Hier bezieht sich die Dozentin zum Beispiel auf Renzulli, der Mut oder Leidenschaft für ein Thema ebenso für wichtig hält oder Sternberg, der die Fähigkeit zur Selbstmotivation und Ausdauer für die  Entfaltung von individuellen Begabungen eine Bedeutung zuordnet.

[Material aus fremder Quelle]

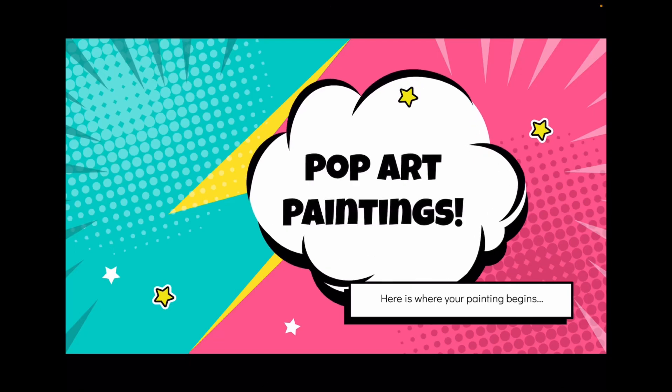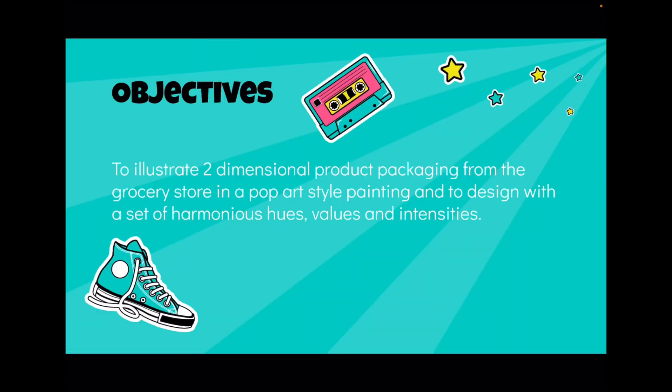We're starting with pop art paintings. The idea is to illustrate two-dimensional product packaging from a grocery store in a pop art style painting, and we're going to design it with a set of harmonious hues using values and intensities.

Persönlichkeits- und Umweltfaktoren haben ebenso Einfluss auf das Lernen. Im schulischen Kontext spielt das individuelle Lernen eine wichtige Rolle. Erst durch eine Individuelle Förderung, bei der Potentiale von der Lehrperson „in den Blick“ genommen werden, können Schülerinnen und Schüler ihren eigenen Lernprozess entwickeln.

Diesen Prozess erläutert Frau Fischer-Ontrup an einem „Lernprozessmodell“ von Prof. Dr. Christian Fischer, welches die Mechanismen veranschaulicht, die notwendig sind, um Begabung in Leistung umzuwandeln.

Bei der Individuellen Förderung haben die Lehrerinnen und Lehrer die Aufgabe, den „kommunikativen Prozess“ von der Diagnose zur Förderung bis zur Evaluation zu begleiten.

Um eine gelingende und den individuellen Lernprozess unterstützende Kommunikation in Schule herstellen zu können, wurden zum Schluss erprobte Arbeitsblätter vorgestellt. Dazu gehörte ein  „individueller Entwicklungsplan“, Unterlagen, wie ein Beratungsgespräch erfolgreich ablaufen und mit welchen Fragen die Lehrperson die Schülerinnen und Schüler ganzheitlich ansprechen kann, um  gemeinsam Handlungsschritte zu entwickeln.

Das abschließende Feedback zeigte, dass die Materialien und das vermittelte Wissen in unterschiedlichen Schulen ganz sicher zum Einsatz kommen werden.